16. Function Annotation: FxNm( input: str ) -> str

This function receives a (word/string) as a parameter. The objective of the function is to convert
the incoming string to its "Pig Latin" equivalent and return the Pig Latin string.

For our purposes, we will use the following as the rules for translation of a word into "Pig Latin":

1. A word is a consecutive sequence of letters (a-z, A-Z) or apostrophes. You may assume that the input to
the function will only be a single "word". Examples: Zebra , doesn't , apple
2. If a word starts with a vowel, the Pig Latin version is the original word with "way" added to the end
3. If a word starts with a consonant, or a series of consecutive consonants, the Pig Latin
version transfers ALL consonants up to the first vowel to the end of the word, and adds "ay" to the end.
4. The letter 'y' should be treated as a consonant if it is the first letter of a word,
but treated as a vowel otherwise.
5. If the original word is capitalized, the new Pig Latin version of the word should be capitalized
in the first letter.  If the original capital letter was a consonant, and thus moved, it should not
be capitalized once in its new location.

### Steps
1. Author your ‘ToPigLatin’ function
2. Convert the following test data into a Python dictionary.

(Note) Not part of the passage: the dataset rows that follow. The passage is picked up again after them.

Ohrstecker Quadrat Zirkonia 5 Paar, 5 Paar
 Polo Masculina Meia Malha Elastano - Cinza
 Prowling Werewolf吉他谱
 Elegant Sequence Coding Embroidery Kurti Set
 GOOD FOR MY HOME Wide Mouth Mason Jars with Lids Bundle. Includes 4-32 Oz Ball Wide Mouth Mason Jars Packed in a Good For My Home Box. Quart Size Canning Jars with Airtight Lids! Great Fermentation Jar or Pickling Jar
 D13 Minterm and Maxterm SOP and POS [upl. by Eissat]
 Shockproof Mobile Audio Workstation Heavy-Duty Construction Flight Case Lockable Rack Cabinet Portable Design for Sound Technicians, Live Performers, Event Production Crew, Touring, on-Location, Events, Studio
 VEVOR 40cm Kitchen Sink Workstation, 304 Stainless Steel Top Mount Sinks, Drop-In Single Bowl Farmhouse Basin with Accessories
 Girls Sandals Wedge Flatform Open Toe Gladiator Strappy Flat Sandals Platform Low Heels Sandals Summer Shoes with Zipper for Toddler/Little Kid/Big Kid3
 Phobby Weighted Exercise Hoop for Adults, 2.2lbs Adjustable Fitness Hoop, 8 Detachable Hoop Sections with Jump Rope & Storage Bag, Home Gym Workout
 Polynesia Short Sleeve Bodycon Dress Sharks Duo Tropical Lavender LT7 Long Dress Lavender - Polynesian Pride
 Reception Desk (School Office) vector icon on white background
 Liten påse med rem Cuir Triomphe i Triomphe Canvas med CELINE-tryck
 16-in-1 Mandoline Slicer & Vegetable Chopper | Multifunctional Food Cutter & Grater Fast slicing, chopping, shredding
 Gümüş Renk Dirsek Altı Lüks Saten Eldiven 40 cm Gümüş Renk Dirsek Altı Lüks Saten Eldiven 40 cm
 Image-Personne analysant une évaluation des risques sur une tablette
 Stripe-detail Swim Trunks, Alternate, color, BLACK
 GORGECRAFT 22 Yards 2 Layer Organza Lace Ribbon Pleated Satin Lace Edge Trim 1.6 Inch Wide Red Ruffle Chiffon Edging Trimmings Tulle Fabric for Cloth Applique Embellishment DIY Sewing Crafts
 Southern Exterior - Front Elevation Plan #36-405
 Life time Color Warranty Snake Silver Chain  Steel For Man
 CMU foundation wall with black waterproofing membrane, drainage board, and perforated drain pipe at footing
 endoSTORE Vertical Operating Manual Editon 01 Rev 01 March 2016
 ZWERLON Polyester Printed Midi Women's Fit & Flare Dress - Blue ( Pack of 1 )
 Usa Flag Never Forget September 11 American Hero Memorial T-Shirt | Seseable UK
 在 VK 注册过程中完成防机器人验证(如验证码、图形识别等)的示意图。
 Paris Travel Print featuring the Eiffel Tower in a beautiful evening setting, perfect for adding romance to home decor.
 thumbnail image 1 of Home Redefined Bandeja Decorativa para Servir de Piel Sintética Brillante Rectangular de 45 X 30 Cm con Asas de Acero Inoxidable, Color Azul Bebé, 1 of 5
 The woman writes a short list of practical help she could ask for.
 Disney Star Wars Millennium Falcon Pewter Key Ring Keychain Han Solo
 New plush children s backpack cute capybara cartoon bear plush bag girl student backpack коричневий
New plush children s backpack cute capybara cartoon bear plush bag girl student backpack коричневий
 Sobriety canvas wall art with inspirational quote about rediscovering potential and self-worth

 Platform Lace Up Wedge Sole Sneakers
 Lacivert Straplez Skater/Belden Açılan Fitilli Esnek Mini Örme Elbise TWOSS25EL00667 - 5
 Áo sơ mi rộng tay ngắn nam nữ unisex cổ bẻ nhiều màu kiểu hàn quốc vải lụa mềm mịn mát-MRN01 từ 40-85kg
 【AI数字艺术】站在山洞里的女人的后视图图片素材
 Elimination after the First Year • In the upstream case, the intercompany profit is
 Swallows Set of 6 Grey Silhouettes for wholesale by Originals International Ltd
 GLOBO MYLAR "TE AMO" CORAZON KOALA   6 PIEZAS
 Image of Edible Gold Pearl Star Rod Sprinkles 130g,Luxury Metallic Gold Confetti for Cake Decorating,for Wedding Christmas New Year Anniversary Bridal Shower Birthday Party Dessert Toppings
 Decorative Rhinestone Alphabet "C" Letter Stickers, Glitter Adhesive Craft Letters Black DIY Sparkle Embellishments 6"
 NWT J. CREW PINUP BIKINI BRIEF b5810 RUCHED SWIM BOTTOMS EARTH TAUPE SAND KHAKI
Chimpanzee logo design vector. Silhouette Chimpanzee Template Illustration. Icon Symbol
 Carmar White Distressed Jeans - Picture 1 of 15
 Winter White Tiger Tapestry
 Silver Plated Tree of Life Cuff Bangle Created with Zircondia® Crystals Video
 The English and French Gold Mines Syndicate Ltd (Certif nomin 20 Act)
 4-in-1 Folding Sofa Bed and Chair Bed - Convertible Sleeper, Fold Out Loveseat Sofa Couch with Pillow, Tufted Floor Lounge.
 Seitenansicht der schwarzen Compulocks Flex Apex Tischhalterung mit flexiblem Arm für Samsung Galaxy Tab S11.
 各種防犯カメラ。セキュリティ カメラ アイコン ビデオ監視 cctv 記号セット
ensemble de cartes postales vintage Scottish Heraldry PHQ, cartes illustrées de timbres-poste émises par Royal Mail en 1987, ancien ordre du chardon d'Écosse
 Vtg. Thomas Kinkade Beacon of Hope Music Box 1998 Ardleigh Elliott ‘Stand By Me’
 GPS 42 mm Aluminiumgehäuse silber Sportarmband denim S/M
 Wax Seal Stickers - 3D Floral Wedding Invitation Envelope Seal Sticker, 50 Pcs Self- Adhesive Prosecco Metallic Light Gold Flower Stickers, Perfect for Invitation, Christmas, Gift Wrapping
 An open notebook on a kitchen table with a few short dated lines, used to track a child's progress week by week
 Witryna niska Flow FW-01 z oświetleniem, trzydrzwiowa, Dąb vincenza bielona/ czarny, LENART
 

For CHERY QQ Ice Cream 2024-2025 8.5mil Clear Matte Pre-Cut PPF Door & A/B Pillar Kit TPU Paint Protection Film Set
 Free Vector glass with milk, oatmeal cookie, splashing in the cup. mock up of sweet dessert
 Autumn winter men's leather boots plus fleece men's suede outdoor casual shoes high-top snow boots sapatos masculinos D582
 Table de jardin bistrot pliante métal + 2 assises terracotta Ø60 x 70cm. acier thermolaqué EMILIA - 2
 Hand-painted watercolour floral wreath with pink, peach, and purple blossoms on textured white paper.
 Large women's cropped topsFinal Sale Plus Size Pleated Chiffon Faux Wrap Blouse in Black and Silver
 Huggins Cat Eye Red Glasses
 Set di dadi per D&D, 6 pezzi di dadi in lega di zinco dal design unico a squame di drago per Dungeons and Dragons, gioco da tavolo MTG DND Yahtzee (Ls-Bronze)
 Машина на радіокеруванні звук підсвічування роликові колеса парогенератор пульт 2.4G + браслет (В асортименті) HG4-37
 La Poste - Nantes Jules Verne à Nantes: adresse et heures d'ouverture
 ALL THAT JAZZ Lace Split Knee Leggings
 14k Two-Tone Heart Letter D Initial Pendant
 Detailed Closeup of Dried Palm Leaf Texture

Test Word (keys) | Pig Latin (values)
-----------------|--------------------
football | ootballfay
Pittsburgh | Ittsburghpay
Apple | Appleway
oink | oinkway
ontology | ontologyway
yellow | ellowyay
yttrium | iumyttray

3. Iterate over the dictionary supplying the dictionary keys as arguments to your ToPigLatin function.
4. Confirm your returned results against the dictionary values.
5. Upon confirmation, display the test word and its Pig Latin translation via print


In [11]:
# RE Pig Latin Converter Code
VOWELS = 'aeiou'

# TEST DATA
test_dict = dict(
    football = 'ootballfay',
    Pittsburgh = 'Ittsburghpay',
    Apple = 'Appleway',
    oink = 'oinkway',
    ontology = 'ontologyway',
    yellow = 'ellowyay',
    yttrium = 'iumyttray')

# test boundary condition.  word that starts with
# y but is followed by a consonant
# yttrium - a silvery, malleable metallic element that is found in the same ores as other rare-earth elements

def to_pig_latin(eng_word):

    if len(eng_word) == 0:
        raise ValueError("Input must contain characters.")

    # remember if I need to return title case word
    if eng_word[0].isupper():
        to_upper = True
    else:
        to_upper = False

    # now, normalize the word to LC
    eng_word = eng_word.lower()

    # low hanging fruit
    if eng_word[0] in VOWELS:
        eng_word += 'way'
        return eng_word.title() if to_upper else eng_word

    # ok, word starts with consonant

    cons_str = ""
    for i,c in enumerate(eng_word):
        if i == 0 and c == 'y':
            cons_str += c
        elif c not in (VOWELS + 'y'):
            cons_str += c
        else:
            break
    else:
        raise ValueError("English words must contain a vowel.")

    new_word = eng_word[i:] + cons_str + 'ay'
    return new_word.title() if to_upper else new_word

# run the test data through the PL translation
for k,v in test_dict.items():
    pig = to_pig_latin(k)
    if pig == v:
        print(f'{k} => {pig}')
    else:
        print(f'Failure for Enlish word: {k}. {pig} should be {v}.')

football => ootballfay
Pittsburgh => Ittsburghpay
Apple => Appleway
oink => oinkway
ontology => ontologyway
yellow => ellowyay
yttrium => iumyttray